La fin de la guerre lui donne l'occasion de participer à une entreprise unique, la réalisation des actualités au cinéma. "Il était temps que nous soyons heureux", dit Vera. Attentive à elle-même, elle ne renie pas ses proches, sa mère en premier lieu dont on suit le cahotant chemin de vie de bout en bout, et un autre, qui arrive tout seul, sans s'être annoncé, et portera le poids de l'histoire familiale et de ses non-dits.

Jean-Pierre Orban brasse avec art beaucoup de sujets dans ce beau premier roman aux nombreux personnages, à l'écriture soignée, mêlant itinéraire personnel et grande Histoire, sous l'égide de Winston Churchill et Charles de Gaulle, pimentant son récit de rebondissements et d'anecdotes remarquables. "Vera" est aussi ambitieux que réussi. A lire.

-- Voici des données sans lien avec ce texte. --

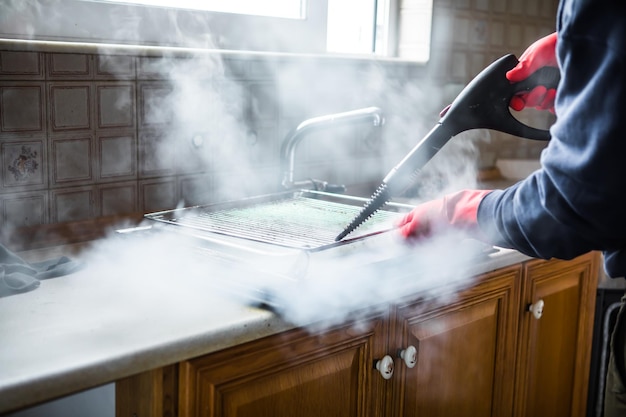 Gloved cleaner washing oven with steamer at home closeup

A noter que "Vera" est un des cinq titres français sélectionnés pour le Prix du Premier roman. Avec, pour les premiers romans français,  Clotilde Coquet ("Parle-moi du sous-sol", Fayard), Aurélien Delsaux ("Madame Diogène", Albin Michel), Laure Des Accords ("L’envoleuse", Verdier), Pascale Fautrier ("Les rouges", Seuil), et, pour les premiers romans étrangers, Rene Denfeld ("En ce lieu enchanté", Fleuve Editions), Boris Fishman ("Une vie d’emprunt", Buchet-Chastel) et Benjamin Wood ("Le complexe d’Eden Bellwether", Zulma). Verdict ce 13 novembre.

Et aussi un des cinq sélectionnés pour le Prix Rossel 2014 qui sera remis le 4 décembre. Les quatre autres finalistes sont Véronique Bergen pour "Marilyn Naissance année zéro" (Al Dante, 292 pages), In Koli Jean Bofane pour "Congo Inc, le testament de Bismarck" (Actes Sud, 298 pages), André-Joseph Dubois pour "Ma mère par exemple" (Weyrich, 135 pages) et Hedwige Jeanmart pour "Blanès" (Gallimard, 272 pages).